Mon avis : Hemingway, une conception kantienne de l’amour ?

Pas moins de 3 bourses (dont une de recherche doctorale) et une résidence d’écrivain ont été nécessaire pour écrire ce livre, portrait d’une génération perdue (entre ivresse permanente et immoralité), déroulement de la psychologie masculine (En avoir ou pas) et de son impuissance à comprendre la psyché féminine, vie intérieure marquée par la tragédie (suicide de son père, dépression) ou encore quête insensée du bonheur  …
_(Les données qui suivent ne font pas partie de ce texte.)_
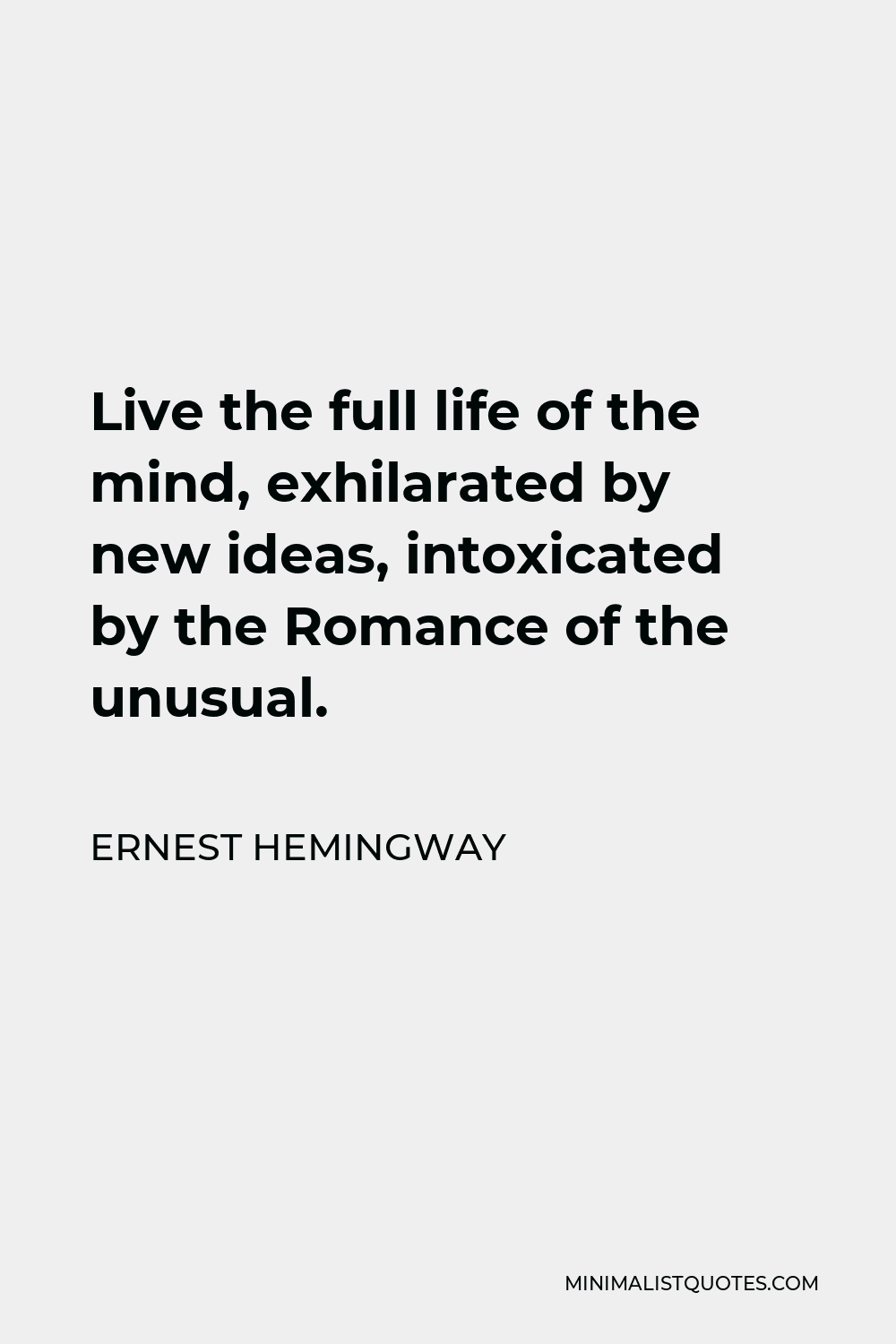 Ernest Hemingway Quote - Live the full life of the mind, exhilarated by new ideas, intoxicated by the Romance of the unusual.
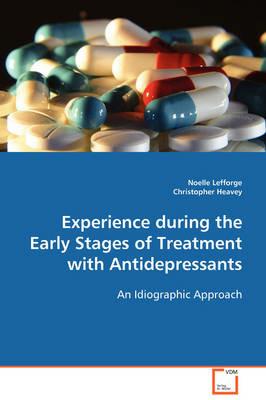 Experience during the Early Stages of Treatment with Antidepressants - Noelle Lefforge,Christopher Heavey - cover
Il existe 5 conception du mariage

  1. sacramentelle (dimension mystique) : préfiguration du lien unissant l’Homme et le Créateur à la suite du jugement dernier
  2. séculière (laïque)
  3. moralisatrice : régulateur des pulsions
  4. pragmatique/agnostique : c’est un simple contrat
  5. individualiste/opportuniste : oui aux avantages, non aux inconvénients

Or, selon Kant, «le mariage est la possession réciproque des organes sexuels du conjoint» (Métaphysique des mœurs, 1797). Le mariage serait donc l’acte par lequel deux personnes s’accordent la propriété réciproque de leurs organes sexuels. Une définition qui souligne

  • la dimension révolutionnaire du mariage : là où il y avait domination unilatérale, il rétablit de l’égalité et de la réciprocité (je me donne à autrui, je m’offre à son pouvoir, au risque de me voir réduit au rang d’homme-objet ou de femme-objet…)
  • la transformation de la jouissance charnelle en expérience morale (instauration entre les époux un « rapport d’égalité dans la possession ») : autrui n’est plus
    • un moyen mais une fin,
    • un objet que l’on détient mais un sujet que l’on respecte (« L’usage naturel qu’un sexe fait des organes sexuels de l’autre est une jouissance pour laquelle chacune des deux parties se donne à l’autre, note Kant. Dans cet acte, un être humain fait de lui-même une chose, ce qui entre en contradiction avec le droit de l’humanité dans sa propre personne. Cela n’est possible qu’a l’unique condition que, quand une personne acquise par l’autre comme chose, elle fasse en retour l’acquisition réciproque de cette dernière ; car ainsi elle se reconquiert elle-même et rétablit sa dimension de personne. »)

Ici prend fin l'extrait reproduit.